He alone clearly and fully convinces the heart of the evil and guilt and danger of the corruption, lust, or sin to be mortified
November 9, 2007 by Adam Hoagland
I just finished “Of The Mortification Of Sin In Believers” and so this will be the final installment from that treatise. Next week I’ll move to Owen’s treatise, “Of Temptation.”
This has been the third time I’ve read through “Of The Mortification Of Sin In Believers,” and it continues to be rewarding. I would encourage everyone to take some time and read John Owen.
2. I have only, then, to add the heads of the work of the Spirit in this business of mortification, which is so peculiarly ascribed to him.
In one word: This whole work, which I have described as our duty, is effected, carried on, and accomplished by the power of the Spirit, in all the parts and degrees of it; as, —
(1.) He alone clearly and fully convinces the heart of the evil and guilt and danger of the corruption, lust, or sin to be mortified. Without this conviction, or whilst it is so faint that the heart can wrestle with it or digest it, there will be no thorough work made. An unbelieving heart (as in part we have all such) will shift with any consideration, until it be overpowered by clear and evident convictions. Now this is the proper work of the Spirit: “He convinces of sin,” John xvi. 8; he alone can do it. If men’s rational considerations, with the preaching of the letter, were able to convince them of sin, we should, it may be, see more convictions than we do. There comes by the preaching of the word an apprehension upon the understandings of men that they are sinners, that such and such things are sins, that themselves are guilty of them; but this light is not powerful, nor doth it lay hold on the practical principles of the soul, so as to conform the mind and will unto them, to produce effects suitable to such an apprehension.
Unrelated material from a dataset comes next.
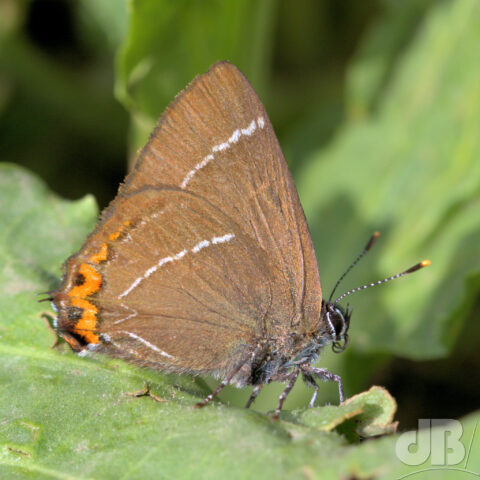 White-letter Hairstreak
And therefore it is that wise and knowing men, destitute of the Spirit, do not think those things to be sins at all wherein the 86chief movings and actings of lust do consist. It is the Spirit alone that can do, that doth, this work to the purpose. And this is the first thing that the Spirit doth in order to the mortification of any lust whatever, — it convinces the soul of all the evil of it, cuts off all its pleas, discovers all its deceits, stops all its evasions, answers its pretences, makes the soul own its abomination, and lie down under the sense of it. Unless this be done all that follows is in vain.
(2.) The Spirit alone reveals unto us the fulness of Christ for our relief; which is the consideration that stays the heart from false ways and from despairing despondency, 1 Cor. ii 8.
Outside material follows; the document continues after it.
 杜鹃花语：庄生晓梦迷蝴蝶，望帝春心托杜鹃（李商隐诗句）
(3.) The Spirit alone establishes the heart in expectation of relief from Christ; which is the great sovereign means of mortification, as hath been discovered, 2 Cor. i. 21.
(4.) The Spirit alone brings the cross of Christ into our hearts with its sin-killing power; for by the Spirit are we baptized into the death of Christ.
(5.) The Spirit is the author and finisher of our sanctification; gives new supplies and influences of grace for holiness and sanctification, when the contrary principle is weakened and abated, Eph. iii. 16–18.
(6.) In all the soul’s addresses to God in this condition, it hath supportment from the Spirit. Whence is the power, life, and vigour of prayer? whence its efficacy to prevail with God? Is it not from the Spirit? He is the “Spirit of supplications” promised to them “who look on him whom they have pierced,” Zech. xii. 10, enabling them “to pray with sighs and groans that cannot be uttered,” Rom. viii. 26. This is confessed to be the great medium or way of faith’s prevailing with God. Thus Paul dealt with his temptation, whatever it were: “I besought the Lord that it might depart from me.”44 2 Cor. xii. 8. What is the work of the Spirit in prayer, whence and how it gives us in assistance and makes us to prevail, what we are to do that we may enjoy his help for that purpose, is not my present intendment to demonstrate.